A première vue, les bâtiments, l’un datant de 2006, l’autre récemment réhabilité, semblent relativement propres. Ils sont dans l’ensemble bien tenus - si ce n’est ce problème de tuyauterie qui a provoqué ces derniers jours une fuite d’eau dans un des sanitaires et une chambre. Mais les lieux sont froids, déshumanisés : murs carrelés, linos gris au sol... seule la peinture des portes s’alignant le long des couloirs apportent une vague touche de couleur. Les chambres, collectives, sont impersonnelles, équipées de deux ou trois lits (pour certains superposés), d’une table jonchée de restes de pain et de gobelets de café, voire d’une petite étagère sommaire où les étrangers déposent leur "trousse de toilette" : un sac en plastique qui leur a été donné à leur arrivée, doté d’un savon, de papier hygiénique, d’une brosse à dent "non démontable", d’échantillons de dentifrice et de shampoing. Les fenêtres, sans volets, sont souvent occultées par un drap.
Pour toute distraction, dans une salle commune, un poste de télévision, hurlant à tue-tête, juché et protégé d’un Plexiglas, et deux PlayStation, récemment installées, elles-mêmes encastrés dans un coffre en ferraille. Mêmes les stylos sont interdits, "pour des questions de sécurité", explique le commandant Bruno Marey, chef des centres de rétention de Paris. Impossible d’écrire. Une sorte d’oisiveté forcée, qui renforce l’insoutenable attente.

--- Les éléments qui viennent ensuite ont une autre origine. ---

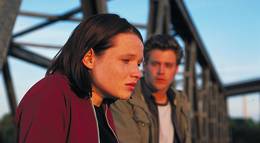 Кадр из фильма "Другая лига" - 1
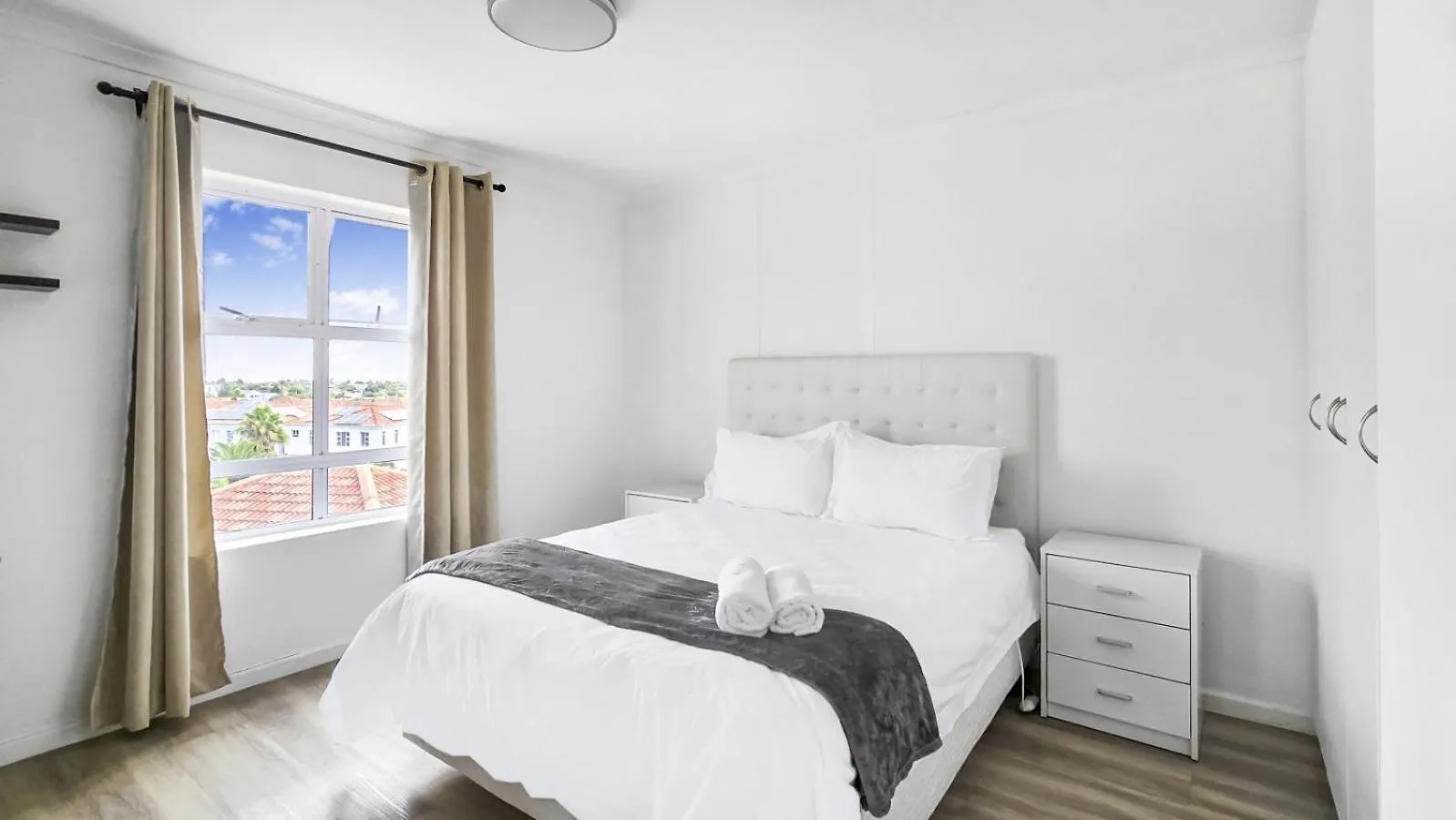 Homely 3 Bedroom Apartment In Villa Italia Century City Κέιπ Τάουν Νότια Αφρική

EN FRANCE DEPUIS TROIS, CINQ ANS...
"Pour être sommaire, c’est vraiment sommaire. On est comme en prison", lâche Amoussa, Béninois, en France depuis sept ans. " Vous n’êtes pas enfermés dans vos chambres, c’est la grosse différence", corrige le commandant Marey. Il n’empêche, la taille de l’établissement, d’une capacité totale de 280 places (deux fois 140), renforce l’atmosphère carcérale du lieu. "Les deux zones de rétention ne communiquent pas", insiste M. Marey. Mais les "retenus" ont le sentiment d’être réduits à des "numéros", badgés, surveillés par des caméras, appelés par interphone. "On se sent des moins que rien", souligne Fataki, un Congolais.
Ils sont nombreux à piétiner devant le sas qui sépare la zone de rétention proprement dite et la zone administrative, à attendre leur tour pour aller à l’infirmerie, dans le bureau de la Cimade, seule association admise, ou dans celui de l’Agence nationale d’accueil des étrangers et des migrations (Anaem.). Une attente qui peut se compter en heures. Mais l’infirmerie et la Cimade sont leurs seules échappatoires, havres de paix où ils savent qu’ils seront écoutés. "Certains demandent à venir pour avoir juste un peu de crème ou un cachet de paracétamol. Mais c’est un prétexte. Ils ont besoin de parler, d’être rassurés", explique Josiane, l’infirmière du CRA 2.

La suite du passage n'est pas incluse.